### WHAT YOU NEED TO DO
Extract every line from the records below that contains the word "featuring".

#### RECORDS SHOWN

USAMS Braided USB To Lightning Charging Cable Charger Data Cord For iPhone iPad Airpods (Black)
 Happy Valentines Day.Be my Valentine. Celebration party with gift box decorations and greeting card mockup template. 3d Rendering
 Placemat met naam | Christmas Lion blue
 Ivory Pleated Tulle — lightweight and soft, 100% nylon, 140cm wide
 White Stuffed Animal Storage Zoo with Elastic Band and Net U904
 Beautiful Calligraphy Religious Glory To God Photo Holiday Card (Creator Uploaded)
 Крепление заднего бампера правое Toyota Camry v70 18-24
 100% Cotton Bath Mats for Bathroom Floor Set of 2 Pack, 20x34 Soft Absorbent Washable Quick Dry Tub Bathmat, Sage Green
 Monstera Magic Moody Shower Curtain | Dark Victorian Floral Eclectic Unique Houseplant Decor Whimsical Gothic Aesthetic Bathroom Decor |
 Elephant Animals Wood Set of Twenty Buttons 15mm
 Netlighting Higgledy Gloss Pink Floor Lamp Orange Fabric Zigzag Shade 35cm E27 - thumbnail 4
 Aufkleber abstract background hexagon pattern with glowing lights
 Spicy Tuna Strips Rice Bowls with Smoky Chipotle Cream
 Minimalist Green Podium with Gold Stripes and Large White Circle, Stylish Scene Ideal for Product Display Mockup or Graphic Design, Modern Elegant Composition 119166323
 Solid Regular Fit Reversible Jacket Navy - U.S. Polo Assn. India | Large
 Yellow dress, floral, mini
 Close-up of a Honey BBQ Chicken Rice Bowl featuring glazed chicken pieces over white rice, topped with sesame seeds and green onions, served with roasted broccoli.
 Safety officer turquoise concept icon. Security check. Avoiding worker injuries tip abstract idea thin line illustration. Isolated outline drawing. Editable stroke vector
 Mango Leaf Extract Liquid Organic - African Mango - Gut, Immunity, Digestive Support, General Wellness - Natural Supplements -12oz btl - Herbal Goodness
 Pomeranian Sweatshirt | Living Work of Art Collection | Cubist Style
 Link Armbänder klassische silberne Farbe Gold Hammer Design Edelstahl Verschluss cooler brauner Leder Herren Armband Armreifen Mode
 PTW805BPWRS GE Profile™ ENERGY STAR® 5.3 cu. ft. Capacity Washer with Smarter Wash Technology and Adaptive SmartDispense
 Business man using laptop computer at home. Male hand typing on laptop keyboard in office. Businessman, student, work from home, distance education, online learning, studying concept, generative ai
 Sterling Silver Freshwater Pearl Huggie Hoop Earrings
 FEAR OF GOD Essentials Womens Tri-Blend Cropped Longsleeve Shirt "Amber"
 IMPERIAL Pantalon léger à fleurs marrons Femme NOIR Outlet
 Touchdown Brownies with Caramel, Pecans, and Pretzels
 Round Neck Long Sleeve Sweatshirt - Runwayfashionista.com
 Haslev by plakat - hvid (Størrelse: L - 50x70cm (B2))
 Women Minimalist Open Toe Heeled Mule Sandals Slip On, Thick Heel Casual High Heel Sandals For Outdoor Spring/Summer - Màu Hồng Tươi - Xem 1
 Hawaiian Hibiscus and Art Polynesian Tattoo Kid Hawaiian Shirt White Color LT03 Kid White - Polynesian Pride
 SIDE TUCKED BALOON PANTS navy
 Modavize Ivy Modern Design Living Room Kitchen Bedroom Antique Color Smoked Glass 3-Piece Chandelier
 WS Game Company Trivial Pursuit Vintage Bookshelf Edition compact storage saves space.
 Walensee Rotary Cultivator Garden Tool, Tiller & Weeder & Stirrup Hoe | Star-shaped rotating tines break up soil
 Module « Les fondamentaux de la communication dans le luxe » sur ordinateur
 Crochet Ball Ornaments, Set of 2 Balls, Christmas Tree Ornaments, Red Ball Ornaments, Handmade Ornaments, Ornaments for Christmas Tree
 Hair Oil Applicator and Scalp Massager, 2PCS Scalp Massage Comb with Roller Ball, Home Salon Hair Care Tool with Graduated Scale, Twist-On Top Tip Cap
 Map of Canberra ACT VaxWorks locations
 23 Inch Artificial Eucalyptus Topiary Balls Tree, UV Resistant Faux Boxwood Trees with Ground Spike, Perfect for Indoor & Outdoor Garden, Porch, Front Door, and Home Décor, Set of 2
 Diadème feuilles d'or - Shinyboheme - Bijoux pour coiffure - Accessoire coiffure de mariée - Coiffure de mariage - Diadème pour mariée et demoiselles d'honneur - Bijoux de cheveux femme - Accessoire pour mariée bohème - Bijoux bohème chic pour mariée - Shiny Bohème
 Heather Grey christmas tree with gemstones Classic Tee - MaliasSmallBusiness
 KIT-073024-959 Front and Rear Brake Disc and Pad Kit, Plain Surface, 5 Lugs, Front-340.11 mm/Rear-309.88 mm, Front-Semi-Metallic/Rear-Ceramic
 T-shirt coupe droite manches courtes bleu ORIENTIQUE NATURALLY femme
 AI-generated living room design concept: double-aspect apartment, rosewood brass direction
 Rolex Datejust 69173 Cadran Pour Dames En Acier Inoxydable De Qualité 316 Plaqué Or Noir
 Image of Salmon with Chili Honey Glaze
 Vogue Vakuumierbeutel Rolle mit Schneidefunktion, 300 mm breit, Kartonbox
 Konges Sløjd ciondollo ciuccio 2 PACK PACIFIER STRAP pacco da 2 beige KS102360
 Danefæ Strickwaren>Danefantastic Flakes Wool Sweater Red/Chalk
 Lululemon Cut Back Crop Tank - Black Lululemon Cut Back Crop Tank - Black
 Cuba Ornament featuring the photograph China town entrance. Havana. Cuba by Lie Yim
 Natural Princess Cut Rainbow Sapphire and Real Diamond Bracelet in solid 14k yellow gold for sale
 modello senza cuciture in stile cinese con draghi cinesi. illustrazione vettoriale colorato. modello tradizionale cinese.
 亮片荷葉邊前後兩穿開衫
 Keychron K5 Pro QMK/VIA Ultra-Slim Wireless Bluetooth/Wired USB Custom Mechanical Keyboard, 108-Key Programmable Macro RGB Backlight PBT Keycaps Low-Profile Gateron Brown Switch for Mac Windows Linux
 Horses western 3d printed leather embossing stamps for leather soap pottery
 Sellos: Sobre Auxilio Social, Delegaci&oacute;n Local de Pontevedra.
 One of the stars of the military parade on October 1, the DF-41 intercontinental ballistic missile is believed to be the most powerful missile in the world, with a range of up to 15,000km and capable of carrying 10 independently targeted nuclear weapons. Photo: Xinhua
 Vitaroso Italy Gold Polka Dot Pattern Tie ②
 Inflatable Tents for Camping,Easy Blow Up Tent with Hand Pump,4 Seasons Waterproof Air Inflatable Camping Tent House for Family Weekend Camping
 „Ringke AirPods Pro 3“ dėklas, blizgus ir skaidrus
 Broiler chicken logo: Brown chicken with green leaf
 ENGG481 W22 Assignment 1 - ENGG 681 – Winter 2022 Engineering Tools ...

########

### EXERCISE RESULT
 Close-up of a Honey BBQ Chicken Rice Bowl featuring glazed chicken pieces over white rice, topped with sesame seeds and green onions, served with roasted broccoli.
 Cuba Ornament featuring the photograph China town entrance. Havana. Cuba by Lie Yim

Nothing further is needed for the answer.